2014 has been the year in which the derivatives strategy of the cat loving, sun-glass touting Bill Gross has been revealed to new degrees. And the hits just keep on coming as the PIMCO’s total return fund’s exposure to Chinese SWAP derivatives, cousins of the derivatives that imploded in 2008, is revealed.
At the end of the first quarter, PIMCO’s flagship Total Return Fund, assumed as a relatively “conservative” bond fund in search of yield, has nearly $3 billion in insurance derivatives it sold on China’s sovereign debt, a new Reuters report revealed.
PIMCO’s “short volatility” play
The Chinese real estate and associated markets have been referred to as a potential bubble. If interest rates were to suddenly rise in the Asian nation, PIMCO’s “short volatility” play could cause PIMCO to be liable for large insurance payments. Short volatility strategies are known to generate consistent month over month returns but are vulnerable to significant market crashes. PIMCO, like much of the big bank derivatives $600 trillion on derivatives exposure, is significantly exposed if interest rates were to rise rapidly in a short period of time.
“There is nothing wrong with selling insurance,” Bill Gross said at the recent Morningstar conference in Chicago.

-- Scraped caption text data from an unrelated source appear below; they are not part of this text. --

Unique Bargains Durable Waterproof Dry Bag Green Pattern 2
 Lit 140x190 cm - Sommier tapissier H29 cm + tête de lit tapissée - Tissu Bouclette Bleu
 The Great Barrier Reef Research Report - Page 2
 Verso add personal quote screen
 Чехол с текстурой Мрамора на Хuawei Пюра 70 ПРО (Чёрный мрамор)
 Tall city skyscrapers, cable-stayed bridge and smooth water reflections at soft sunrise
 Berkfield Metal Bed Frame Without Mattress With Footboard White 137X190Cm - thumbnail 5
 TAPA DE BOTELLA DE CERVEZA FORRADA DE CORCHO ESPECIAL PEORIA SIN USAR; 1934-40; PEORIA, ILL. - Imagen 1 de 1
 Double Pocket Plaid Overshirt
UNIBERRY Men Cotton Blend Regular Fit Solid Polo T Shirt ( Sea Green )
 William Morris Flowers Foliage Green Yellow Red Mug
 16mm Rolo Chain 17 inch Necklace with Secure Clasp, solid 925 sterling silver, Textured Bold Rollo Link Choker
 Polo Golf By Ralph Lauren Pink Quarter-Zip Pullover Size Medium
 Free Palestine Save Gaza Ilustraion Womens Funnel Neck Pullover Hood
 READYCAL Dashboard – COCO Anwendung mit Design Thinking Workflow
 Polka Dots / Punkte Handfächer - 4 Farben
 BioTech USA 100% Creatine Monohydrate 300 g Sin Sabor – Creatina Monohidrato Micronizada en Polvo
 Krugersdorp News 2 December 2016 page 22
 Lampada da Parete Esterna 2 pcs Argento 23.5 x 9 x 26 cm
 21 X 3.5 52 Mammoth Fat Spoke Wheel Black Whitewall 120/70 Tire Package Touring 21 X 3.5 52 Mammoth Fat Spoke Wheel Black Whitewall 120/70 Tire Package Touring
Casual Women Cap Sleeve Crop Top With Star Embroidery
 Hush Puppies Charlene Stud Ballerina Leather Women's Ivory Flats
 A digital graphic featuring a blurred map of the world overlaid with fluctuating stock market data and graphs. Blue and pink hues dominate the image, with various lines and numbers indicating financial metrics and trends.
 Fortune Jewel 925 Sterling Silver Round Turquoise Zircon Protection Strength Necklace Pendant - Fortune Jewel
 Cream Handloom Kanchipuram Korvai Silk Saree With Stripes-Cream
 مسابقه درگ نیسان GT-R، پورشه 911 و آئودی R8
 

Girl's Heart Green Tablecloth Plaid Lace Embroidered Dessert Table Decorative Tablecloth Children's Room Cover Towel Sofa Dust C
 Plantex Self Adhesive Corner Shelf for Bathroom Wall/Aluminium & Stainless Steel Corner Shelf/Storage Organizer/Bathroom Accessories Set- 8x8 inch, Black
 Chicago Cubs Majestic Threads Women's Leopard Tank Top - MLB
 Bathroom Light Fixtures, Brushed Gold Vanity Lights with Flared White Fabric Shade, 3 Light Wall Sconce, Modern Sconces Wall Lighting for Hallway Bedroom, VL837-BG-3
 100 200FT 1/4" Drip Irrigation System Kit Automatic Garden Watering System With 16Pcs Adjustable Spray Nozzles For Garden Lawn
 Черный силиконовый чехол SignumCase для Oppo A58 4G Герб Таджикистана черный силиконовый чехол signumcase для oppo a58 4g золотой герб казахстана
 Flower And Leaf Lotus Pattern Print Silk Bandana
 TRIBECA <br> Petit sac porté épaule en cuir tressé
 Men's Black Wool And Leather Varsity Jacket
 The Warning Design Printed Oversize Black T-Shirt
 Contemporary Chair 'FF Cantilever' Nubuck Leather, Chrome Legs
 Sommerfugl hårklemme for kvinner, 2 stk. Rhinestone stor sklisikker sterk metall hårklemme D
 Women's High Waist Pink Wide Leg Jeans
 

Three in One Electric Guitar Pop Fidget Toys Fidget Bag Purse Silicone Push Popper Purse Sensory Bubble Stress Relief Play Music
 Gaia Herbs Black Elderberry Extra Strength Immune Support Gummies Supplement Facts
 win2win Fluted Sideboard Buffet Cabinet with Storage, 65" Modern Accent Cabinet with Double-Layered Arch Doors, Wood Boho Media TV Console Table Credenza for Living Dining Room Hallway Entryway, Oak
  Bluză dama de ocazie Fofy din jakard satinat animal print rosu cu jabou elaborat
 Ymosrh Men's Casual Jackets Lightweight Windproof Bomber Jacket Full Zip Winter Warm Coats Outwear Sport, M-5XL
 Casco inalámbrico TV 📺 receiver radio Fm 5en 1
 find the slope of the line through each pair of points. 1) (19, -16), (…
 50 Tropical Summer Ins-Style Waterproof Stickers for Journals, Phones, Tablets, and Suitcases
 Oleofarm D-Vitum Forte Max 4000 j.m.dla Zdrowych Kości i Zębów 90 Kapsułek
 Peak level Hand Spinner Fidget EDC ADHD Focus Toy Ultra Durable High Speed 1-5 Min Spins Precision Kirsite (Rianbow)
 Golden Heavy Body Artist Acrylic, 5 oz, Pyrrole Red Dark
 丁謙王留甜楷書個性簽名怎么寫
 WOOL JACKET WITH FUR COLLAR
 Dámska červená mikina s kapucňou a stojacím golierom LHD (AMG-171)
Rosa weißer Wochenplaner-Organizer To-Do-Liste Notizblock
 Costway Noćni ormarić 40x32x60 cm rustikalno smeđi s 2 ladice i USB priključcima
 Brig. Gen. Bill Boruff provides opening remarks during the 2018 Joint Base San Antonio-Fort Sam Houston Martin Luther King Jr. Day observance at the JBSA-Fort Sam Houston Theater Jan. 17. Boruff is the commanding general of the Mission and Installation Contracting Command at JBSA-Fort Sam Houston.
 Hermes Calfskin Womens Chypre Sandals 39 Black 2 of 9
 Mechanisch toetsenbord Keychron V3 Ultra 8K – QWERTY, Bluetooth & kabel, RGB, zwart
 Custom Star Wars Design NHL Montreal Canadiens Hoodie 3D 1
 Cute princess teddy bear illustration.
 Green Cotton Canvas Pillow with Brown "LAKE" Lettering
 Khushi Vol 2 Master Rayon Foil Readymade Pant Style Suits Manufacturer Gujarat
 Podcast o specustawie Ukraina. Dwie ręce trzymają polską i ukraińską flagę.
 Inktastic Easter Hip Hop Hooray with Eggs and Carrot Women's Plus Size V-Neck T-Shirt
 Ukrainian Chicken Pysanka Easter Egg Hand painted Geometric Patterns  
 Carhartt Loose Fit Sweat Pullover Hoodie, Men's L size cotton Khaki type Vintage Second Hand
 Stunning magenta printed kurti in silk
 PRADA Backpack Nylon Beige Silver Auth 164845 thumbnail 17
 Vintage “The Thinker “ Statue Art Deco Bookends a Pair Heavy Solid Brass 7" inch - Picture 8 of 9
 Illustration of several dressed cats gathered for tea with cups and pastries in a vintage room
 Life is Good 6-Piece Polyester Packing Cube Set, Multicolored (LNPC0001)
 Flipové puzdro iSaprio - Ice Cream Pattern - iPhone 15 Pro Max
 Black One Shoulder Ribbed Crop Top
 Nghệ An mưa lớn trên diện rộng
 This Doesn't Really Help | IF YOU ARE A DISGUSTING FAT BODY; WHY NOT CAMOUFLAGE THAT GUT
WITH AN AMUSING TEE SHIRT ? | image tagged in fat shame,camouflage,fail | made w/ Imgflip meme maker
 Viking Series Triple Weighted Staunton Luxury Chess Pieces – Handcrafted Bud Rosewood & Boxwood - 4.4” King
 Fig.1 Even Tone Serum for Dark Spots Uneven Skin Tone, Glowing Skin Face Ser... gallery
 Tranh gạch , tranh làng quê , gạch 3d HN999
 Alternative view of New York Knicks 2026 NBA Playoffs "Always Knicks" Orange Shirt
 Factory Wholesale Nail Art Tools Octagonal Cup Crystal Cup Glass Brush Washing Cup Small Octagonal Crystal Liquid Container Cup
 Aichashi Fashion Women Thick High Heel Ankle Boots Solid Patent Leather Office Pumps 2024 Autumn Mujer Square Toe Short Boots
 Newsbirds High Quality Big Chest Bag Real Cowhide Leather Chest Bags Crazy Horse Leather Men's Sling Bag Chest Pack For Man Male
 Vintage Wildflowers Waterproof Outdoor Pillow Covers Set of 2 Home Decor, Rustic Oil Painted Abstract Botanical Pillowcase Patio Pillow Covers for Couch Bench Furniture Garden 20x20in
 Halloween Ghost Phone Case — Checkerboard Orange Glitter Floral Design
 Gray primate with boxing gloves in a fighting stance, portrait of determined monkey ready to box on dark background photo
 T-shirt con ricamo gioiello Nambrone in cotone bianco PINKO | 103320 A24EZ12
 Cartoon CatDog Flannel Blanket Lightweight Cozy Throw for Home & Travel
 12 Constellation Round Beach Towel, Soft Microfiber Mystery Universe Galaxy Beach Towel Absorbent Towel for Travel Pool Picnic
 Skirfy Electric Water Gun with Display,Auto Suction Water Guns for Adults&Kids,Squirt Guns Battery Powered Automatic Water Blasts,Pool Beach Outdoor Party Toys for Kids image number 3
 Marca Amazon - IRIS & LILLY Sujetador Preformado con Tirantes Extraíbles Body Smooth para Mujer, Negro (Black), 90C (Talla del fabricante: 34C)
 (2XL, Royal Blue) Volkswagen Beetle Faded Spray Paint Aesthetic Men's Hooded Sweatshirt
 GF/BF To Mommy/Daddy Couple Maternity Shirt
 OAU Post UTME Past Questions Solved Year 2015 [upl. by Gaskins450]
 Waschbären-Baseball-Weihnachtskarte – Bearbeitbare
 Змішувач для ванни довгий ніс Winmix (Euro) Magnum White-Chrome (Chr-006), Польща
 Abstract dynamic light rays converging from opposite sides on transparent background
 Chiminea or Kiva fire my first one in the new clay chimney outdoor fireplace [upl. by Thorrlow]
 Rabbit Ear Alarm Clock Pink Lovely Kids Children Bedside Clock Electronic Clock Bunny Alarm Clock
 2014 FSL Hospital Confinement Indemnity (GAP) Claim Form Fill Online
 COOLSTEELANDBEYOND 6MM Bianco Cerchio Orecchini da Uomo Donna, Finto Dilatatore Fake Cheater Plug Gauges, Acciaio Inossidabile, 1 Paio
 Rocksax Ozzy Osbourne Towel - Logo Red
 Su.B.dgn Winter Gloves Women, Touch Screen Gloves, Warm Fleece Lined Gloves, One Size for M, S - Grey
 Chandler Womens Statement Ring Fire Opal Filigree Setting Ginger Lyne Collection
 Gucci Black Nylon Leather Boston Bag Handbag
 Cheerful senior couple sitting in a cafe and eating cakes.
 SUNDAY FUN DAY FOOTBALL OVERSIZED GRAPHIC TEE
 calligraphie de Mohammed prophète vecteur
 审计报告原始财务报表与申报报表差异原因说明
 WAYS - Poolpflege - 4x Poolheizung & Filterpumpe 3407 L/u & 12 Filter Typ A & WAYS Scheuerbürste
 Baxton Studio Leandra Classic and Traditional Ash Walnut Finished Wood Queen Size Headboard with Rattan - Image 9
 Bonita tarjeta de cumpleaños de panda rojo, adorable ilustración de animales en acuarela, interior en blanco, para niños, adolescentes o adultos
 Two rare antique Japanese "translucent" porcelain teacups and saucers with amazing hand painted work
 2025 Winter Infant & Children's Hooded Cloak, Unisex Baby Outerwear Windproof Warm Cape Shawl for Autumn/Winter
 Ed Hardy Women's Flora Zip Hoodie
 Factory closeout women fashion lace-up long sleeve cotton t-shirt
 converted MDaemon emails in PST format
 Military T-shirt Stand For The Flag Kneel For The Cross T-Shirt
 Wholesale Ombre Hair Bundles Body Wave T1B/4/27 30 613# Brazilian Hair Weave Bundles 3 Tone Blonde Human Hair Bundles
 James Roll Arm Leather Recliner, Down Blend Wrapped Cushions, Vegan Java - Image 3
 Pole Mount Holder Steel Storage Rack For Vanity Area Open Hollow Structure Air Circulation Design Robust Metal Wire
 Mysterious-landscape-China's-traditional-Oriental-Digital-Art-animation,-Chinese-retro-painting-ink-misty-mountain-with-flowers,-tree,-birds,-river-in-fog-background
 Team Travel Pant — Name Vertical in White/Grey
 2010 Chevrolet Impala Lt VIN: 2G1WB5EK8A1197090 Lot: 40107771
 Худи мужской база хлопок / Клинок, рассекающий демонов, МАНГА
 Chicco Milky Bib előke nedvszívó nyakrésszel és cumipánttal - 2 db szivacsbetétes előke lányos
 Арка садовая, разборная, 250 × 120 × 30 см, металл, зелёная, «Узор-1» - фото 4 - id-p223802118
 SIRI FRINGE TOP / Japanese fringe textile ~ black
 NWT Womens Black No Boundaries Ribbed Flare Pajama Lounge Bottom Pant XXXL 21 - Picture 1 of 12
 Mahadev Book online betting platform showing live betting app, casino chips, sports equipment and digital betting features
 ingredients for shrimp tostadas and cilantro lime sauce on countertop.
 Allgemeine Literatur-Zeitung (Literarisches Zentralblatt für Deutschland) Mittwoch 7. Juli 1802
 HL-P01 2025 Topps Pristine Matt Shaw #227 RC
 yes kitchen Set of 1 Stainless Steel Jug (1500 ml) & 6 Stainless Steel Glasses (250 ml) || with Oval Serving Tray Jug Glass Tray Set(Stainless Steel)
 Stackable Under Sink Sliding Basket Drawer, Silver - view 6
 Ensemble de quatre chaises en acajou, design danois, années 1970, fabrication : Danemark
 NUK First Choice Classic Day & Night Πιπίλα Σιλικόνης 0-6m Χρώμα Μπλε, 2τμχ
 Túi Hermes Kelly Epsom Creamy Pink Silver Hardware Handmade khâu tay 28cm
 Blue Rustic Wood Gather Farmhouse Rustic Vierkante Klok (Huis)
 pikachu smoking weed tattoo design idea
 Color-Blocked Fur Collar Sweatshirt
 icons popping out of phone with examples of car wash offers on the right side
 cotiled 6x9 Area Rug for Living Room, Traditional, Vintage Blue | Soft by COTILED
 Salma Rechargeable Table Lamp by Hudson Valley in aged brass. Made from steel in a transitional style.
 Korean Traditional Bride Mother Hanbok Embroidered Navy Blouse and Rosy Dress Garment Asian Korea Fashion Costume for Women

While hedging against the Chinese SWAPs derivatives exposure is possible, generally speaking hedging SWAPs exposure becomes more difficult in developing markets in which highly liquidity lacks and the ability to cross margin with other products due to the lack of correlating derivatives products.
Hedge fund insiders have noted the rise of PIMCO and its industry leading bond fund has come during a historic move lower in interest rates has occurred. When interest rates drop the value of bonds that Gross purchased rise in value. With some yield curve observers noting that bond yields, sitting on all time lows, could move higher, particularly as the US Federal Reserve loosens its historic iron-clad grip on interest rate markets.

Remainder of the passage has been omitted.